La filosofia del pressappoco. Weininger, Sesso e carattere nella cultura del Novecento di Alberto Cavaglion, Bibliotheka, 2025

Redazione

 

Nell’ottobre 1903 muore suicida a Vienna il ventitreenne Otto Weininger, giovane intellettuale ebreo da poco convertito al protestantesimo. La sua tesi di laurea, pubblicata con il titolo Sesso e Carattere, conosce subito una rapida fortuna in tutta Europa. Enunciati sfacciatamente misogini si intrecciano a stereotipi anti-ebraici in una miscela esplosiva che fanno di Weininger un passaggio obbligato per lo studio dell’antisemitismo.

Pochi mesi prima di uccidersi, il giovane filosofo aveva intrapreso un lungo e solitario viaggio attraverso l’Italia, individuando nella melodrammaticità, nella fertilità e nel “battito del cuore” le costanti del carattere italiano. La cultura nazionale del primo Novecento aveva risposto con attenzione all’opera di Weininger: da Papini a Sibilla Aleramo, a Giacomo De Benedetti fino alla Ferrara dei fratelli De Chirico e alla Trieste di Svevo e Saba. Ricostruisce questa vicenda lo storico dell’ebraismo Alberto Cavaglion nel saggio La filosofia del pressappoco. Weininger, Sesso e carattere nella cultura del Novecento.

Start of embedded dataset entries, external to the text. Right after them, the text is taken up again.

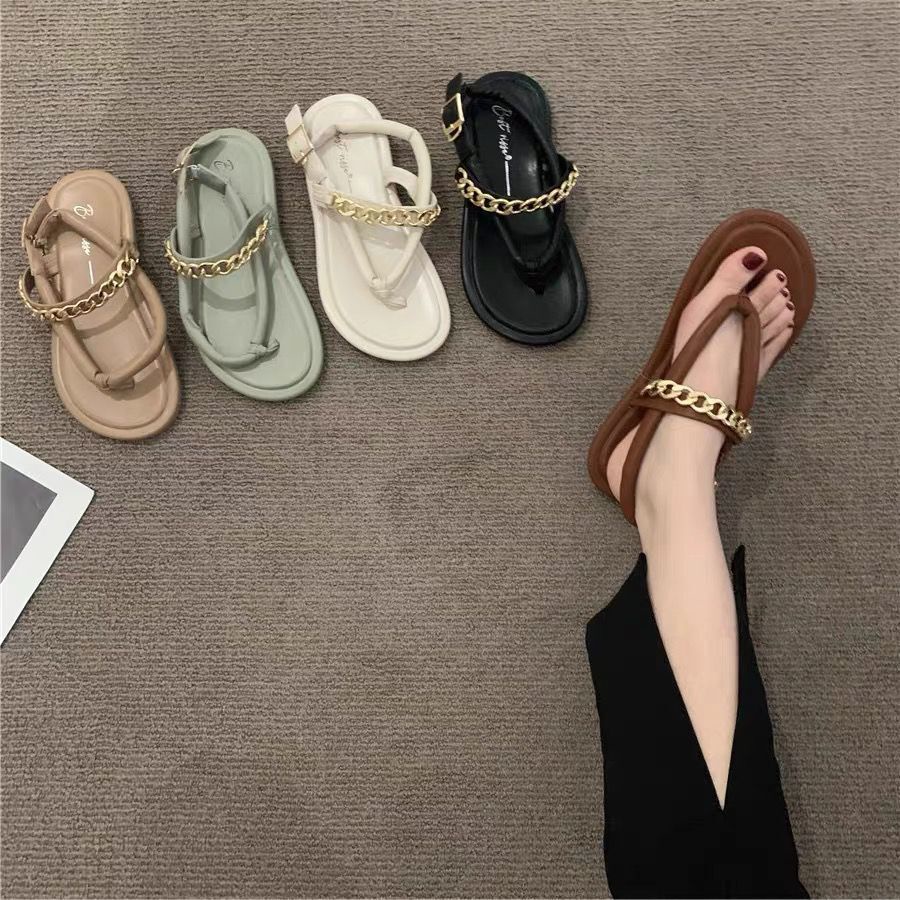 Xăng đan Hở Ngón Đế Bằng Phối Dây Xích Thời Trang Mùa Hè Pháp Cho Nữ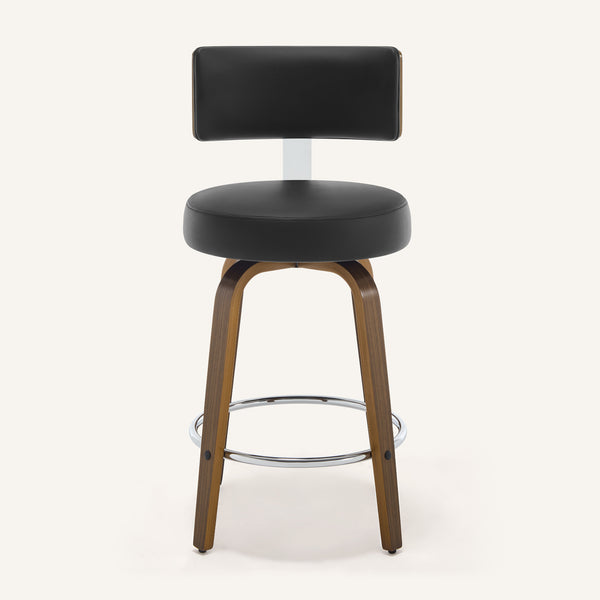 Carol Swivel Counter Stool in Black Hron Leather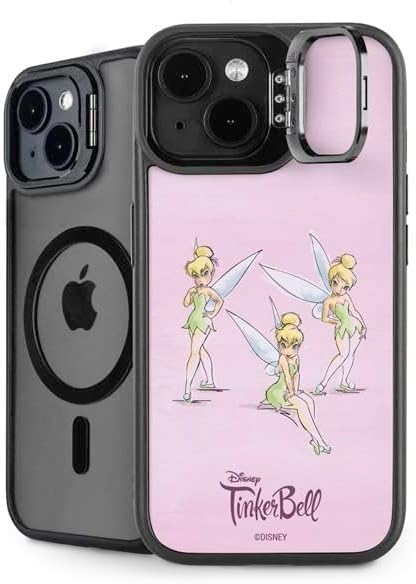 Skinit Kickstand Phone Case Compatible with iPhone 15 - Officially Licensed Disney Tinker Bell Trinkets Pattern Design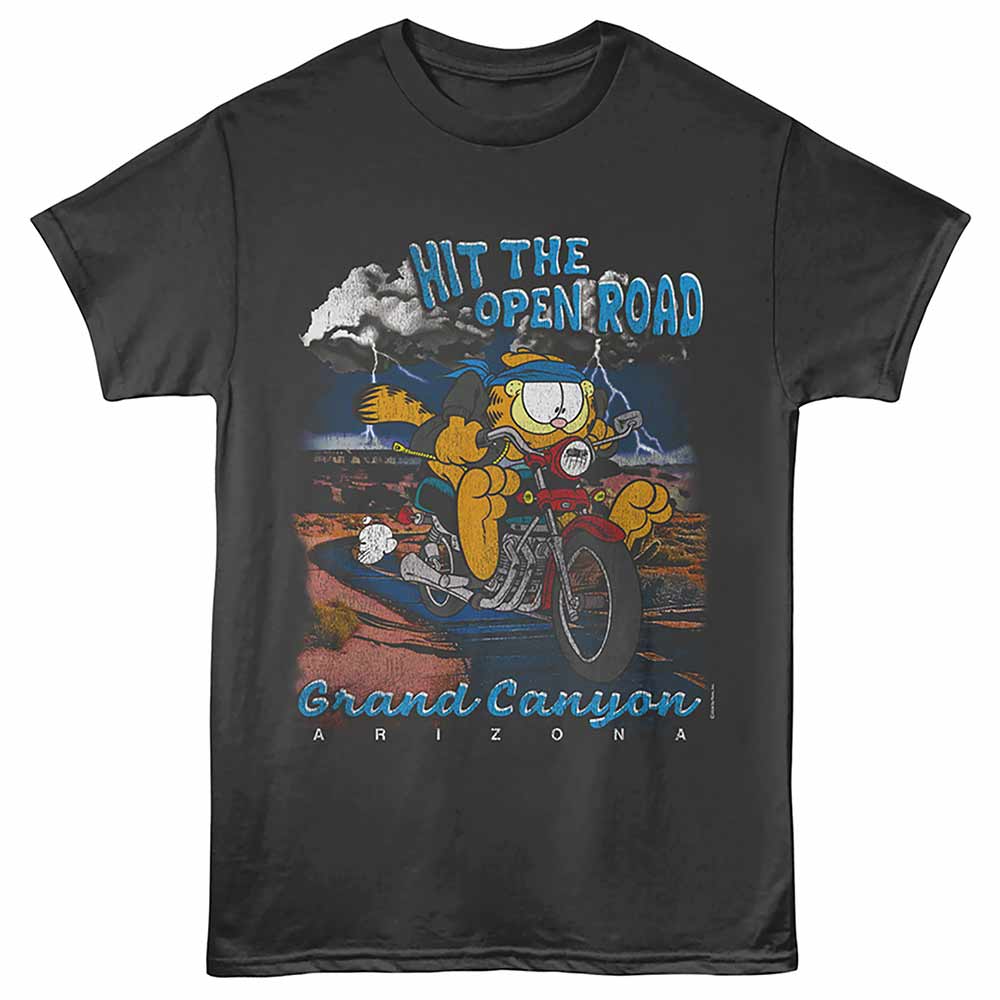 Garfield - Open Road Grand Canyon - Front Print Adult Short Sleeve Solid T-Shirt - Smoke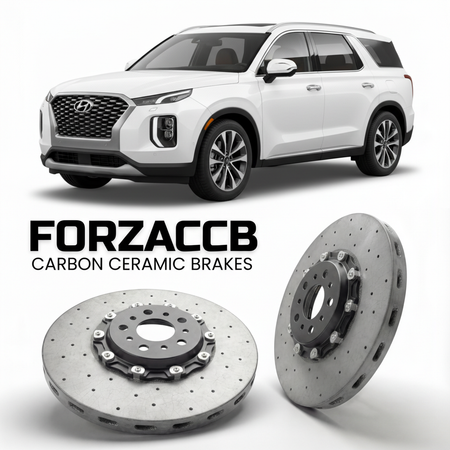 ForzaCCB direct OEM replacement carbon ceramic brake rotors for 2026 to 2026 Hyundai Palisade Gen 2 models, shown with a white Hyundai Palisade car.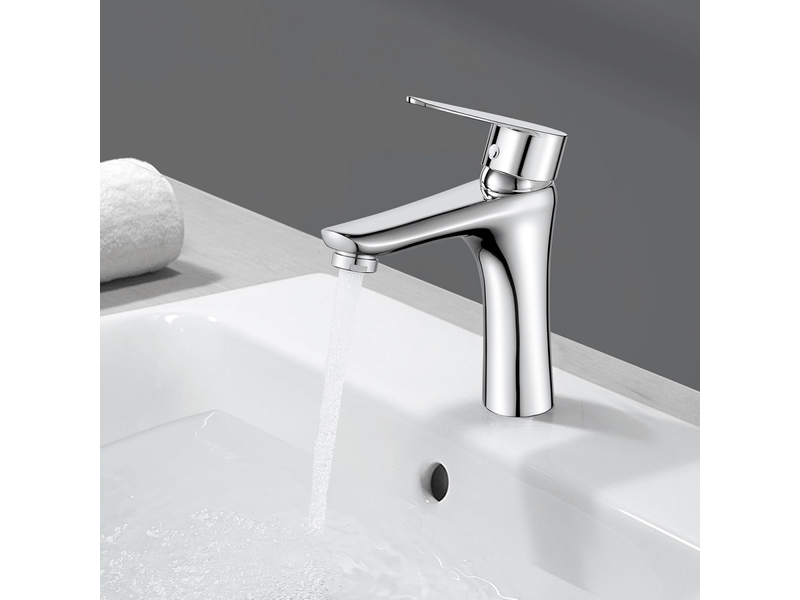  Robinet de lavabo de salle de bain, robinet de lavabo, en acier inoxydable, chaud et froid, chromé, avec tuyau d'arrivée d'eau de 60 cm  - Conforama E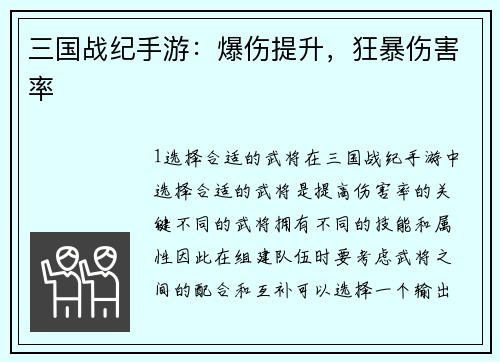 三国战纪手游：爆伤提升，狂暴伤害率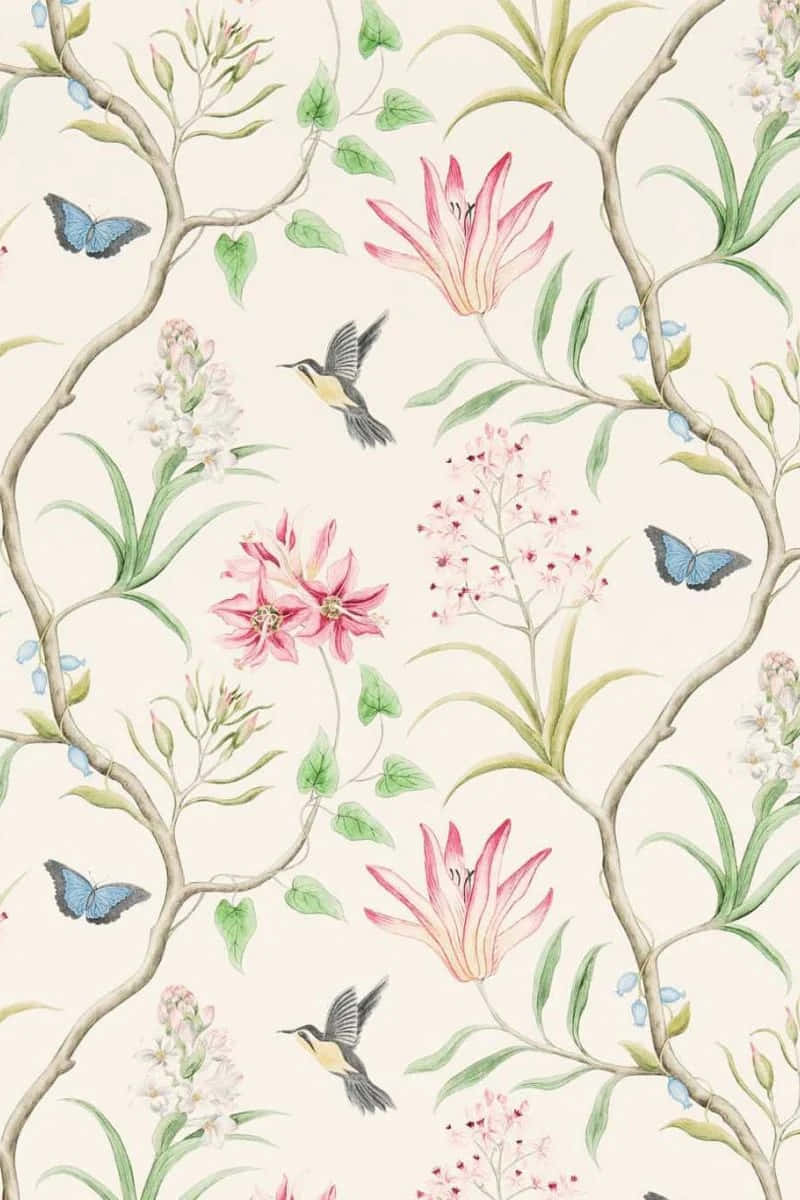 Floraland Bird Pattern Wallpaper Wallpaper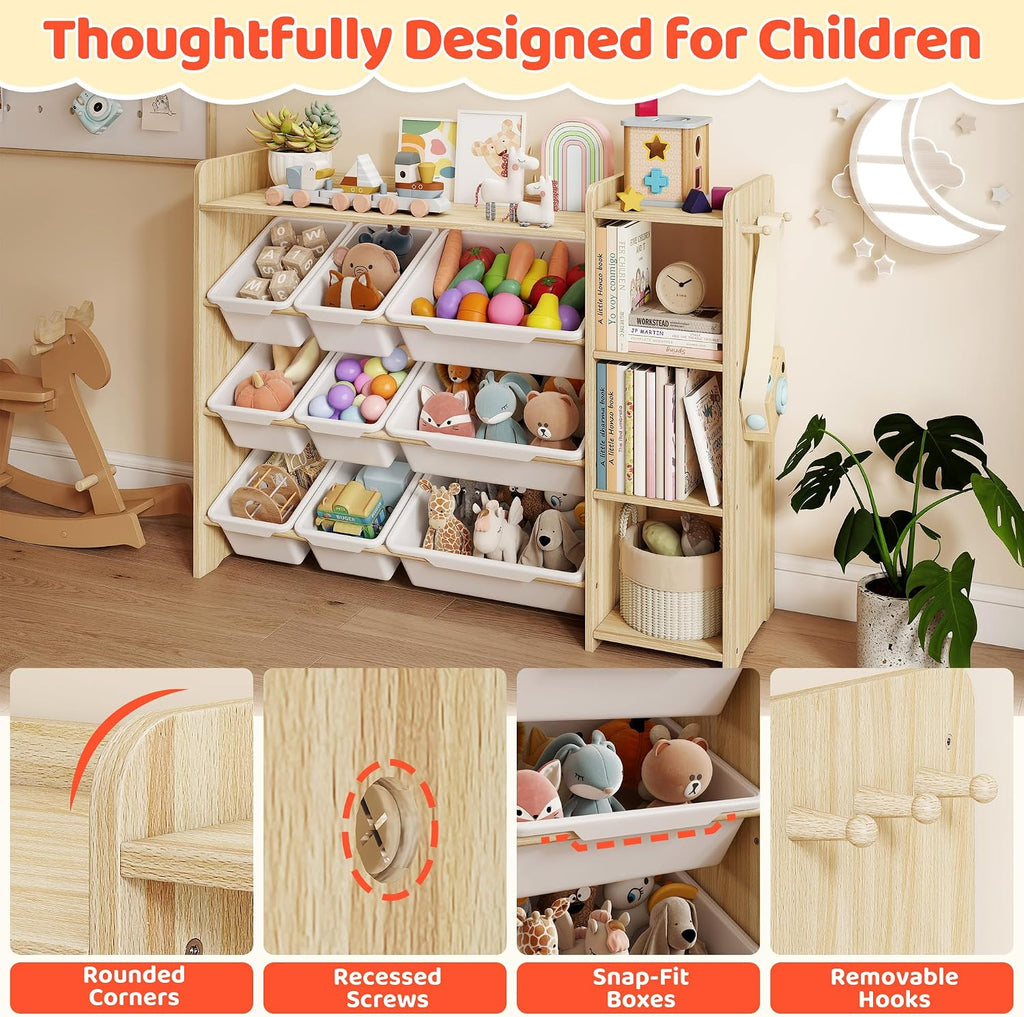 Toy Storage Organizer with Bookshelf, Kids Toy Storage and Organizers with 3 Shelves/9 Bins/3 Hooks, Bin Shelf, Toy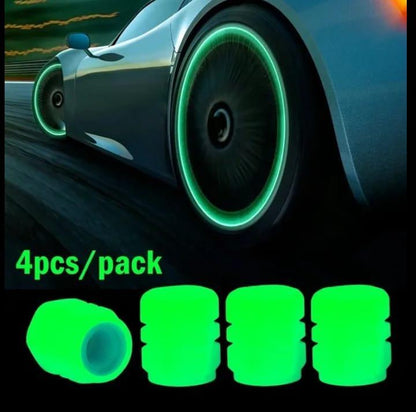Luminous Green Wheel Valve Caps 4 Pcs Pack 200 per Pcs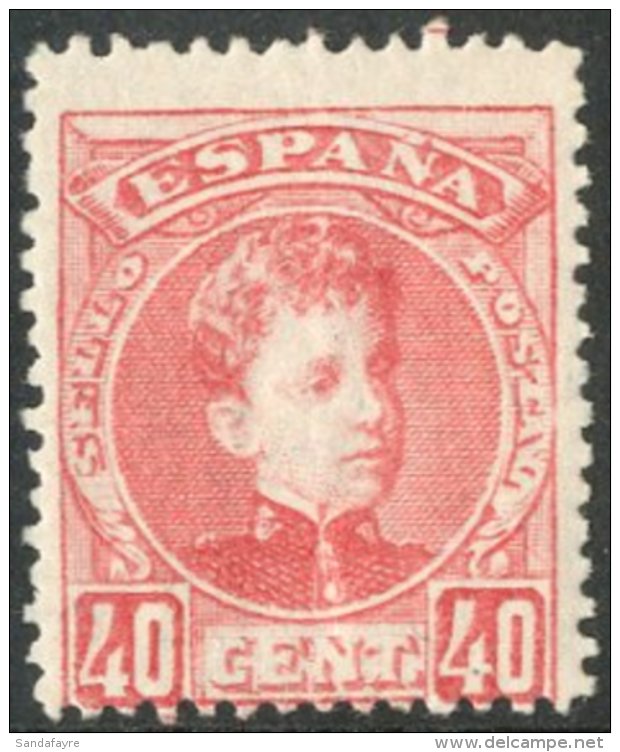 1901-05 Alfonso XIII "Cadet" 40c Rose Key Value (SG 302, Edifil 251) Fine Lightly Hinged Mint. Fresh! For More... - Autres & Non Classés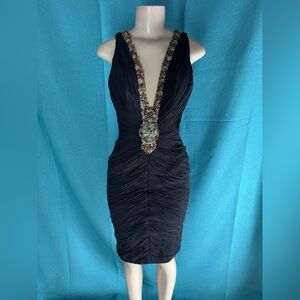 Chic Black Embellished Backless Dress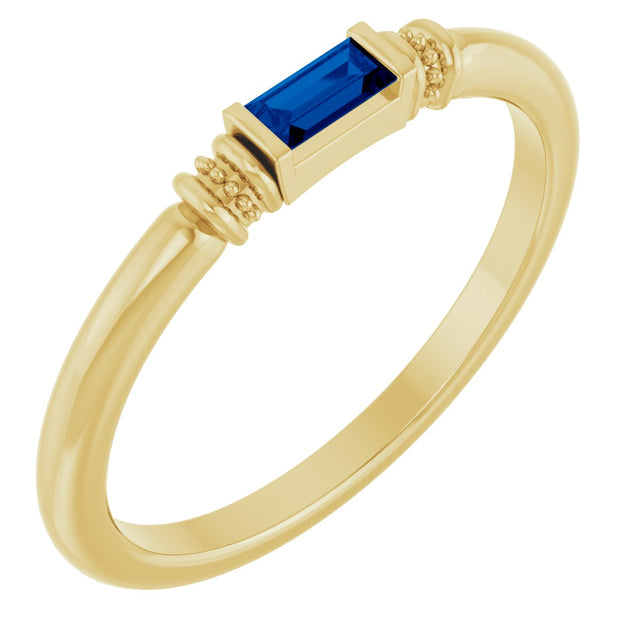 14K Gold Straight Baguette Lab-Grown Blue Sapphire Accented Stackable Ring - Yellow Gold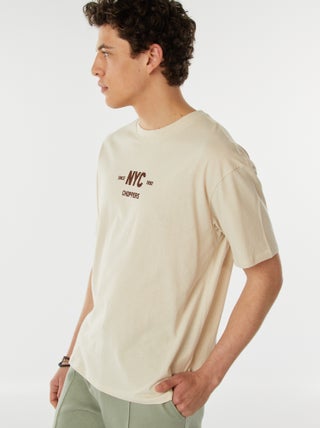 T-shirt estampada frente e verso de manga curta 'New York'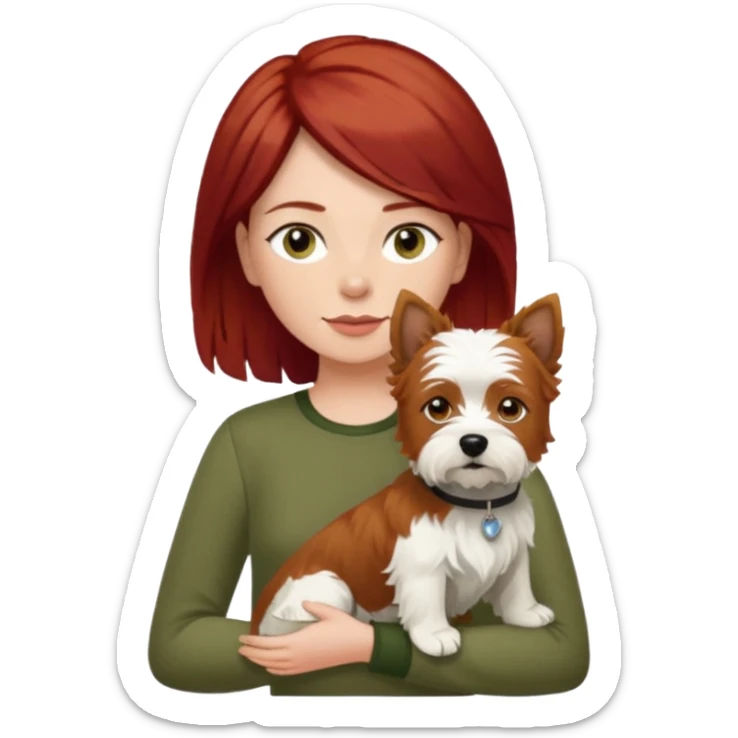 Westhighland white terrier dog being held by woman with dark shoulder length red hair and hazel eye wearing olive green top sticker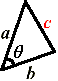 (A triangle with sides a,b,c the and an included angle theta.)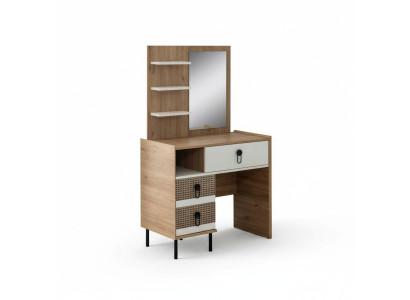 Coiffeuse avec miroir Suite en bois Chambre Marron Ensemble de console
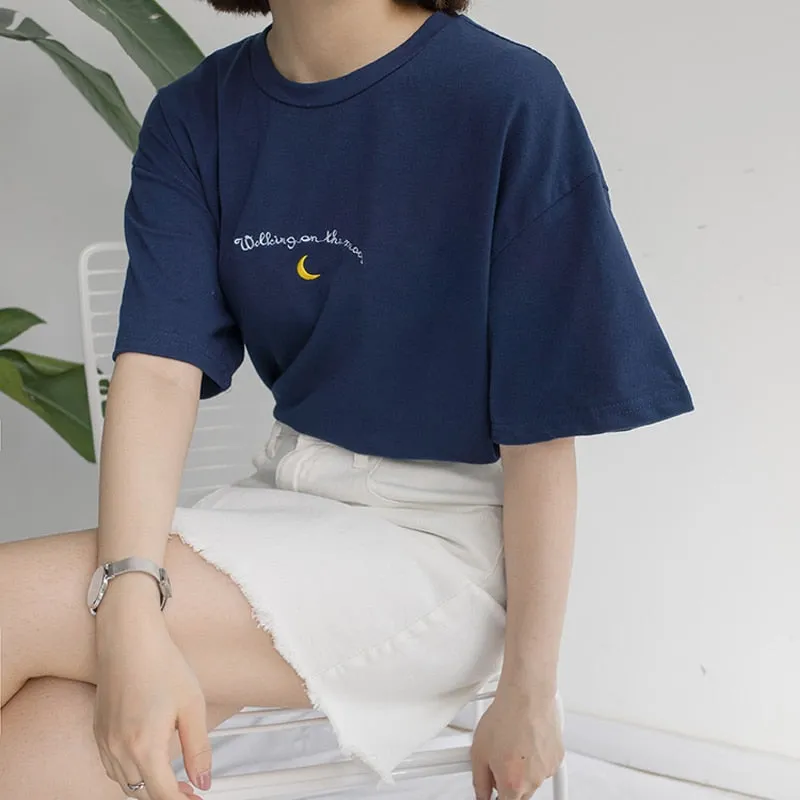 Cute Avocado Embroidery Short Sleeve T-shirt for Women - Summer Style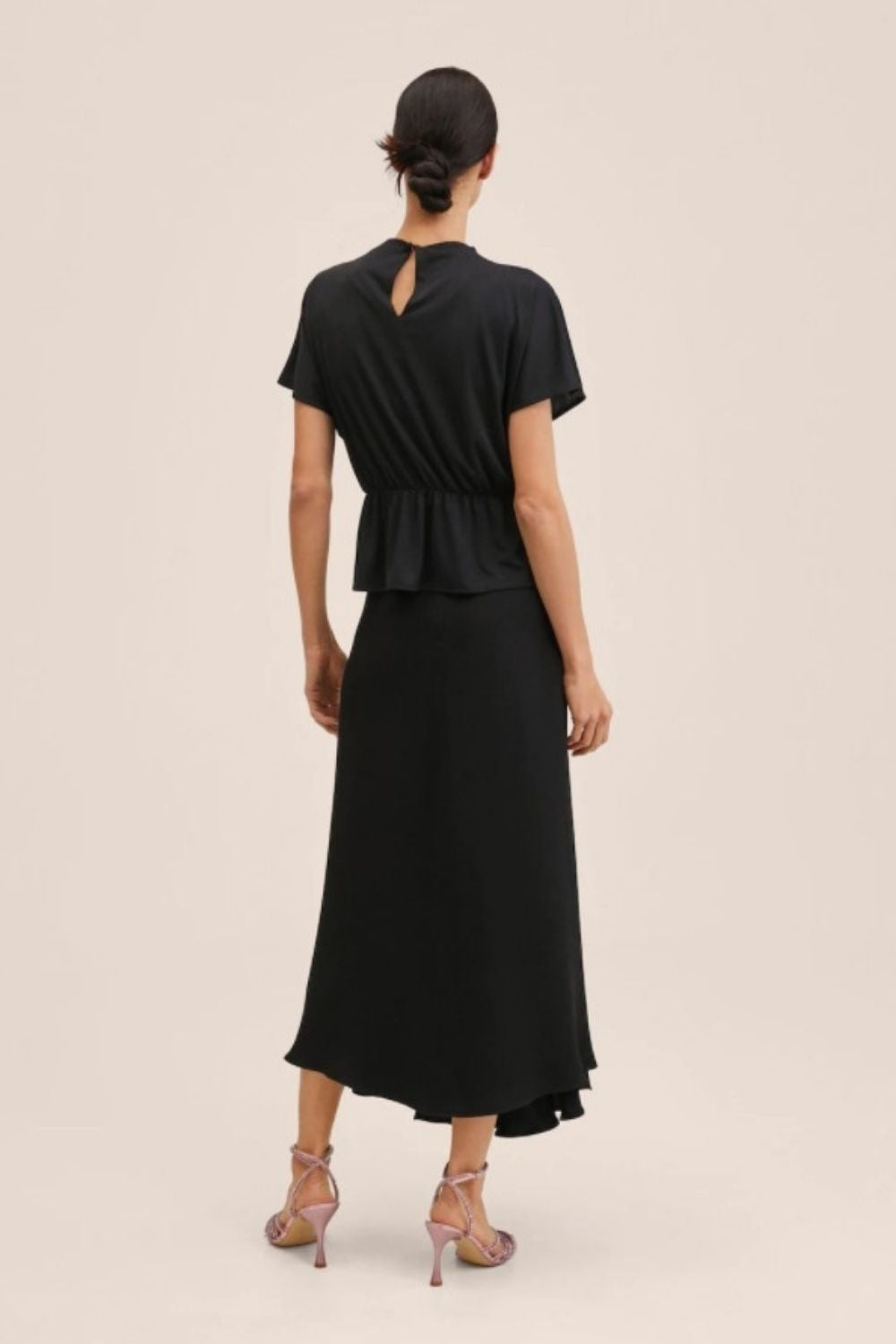 Round Neck Ruched Waist Top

 Dalla Premessa di Alberto Cavaglion: Ripropongo, più di vent’anni dopo, la mia storia della «fi­losofia del pressappoco», perché mi sono accorto che le avven­ture italiane di chi ha inventato la fluidità delle forme sessuali intermedie un secolo prima di Judith Butler possano avere una qualche utilità. Vedere ingiallire le pagine scritte tanto tempo fa è come vedere un film in bianco e nero. Trasformare quel film a colori, più che straniante è patetico, una esperienza che si dovrebbe evitare: se mi sono deciso è perché credo utile de­nunciare i pericoli impliciti in ogni metafisica (del sesso o del gender fa lo stesso). Il passo da Weininger (e dal suo imitatore e traduttore italiano Julius Evola) a Judith Butler è breve, ma non fantasioso. Prima se ne prende atto, meglio è.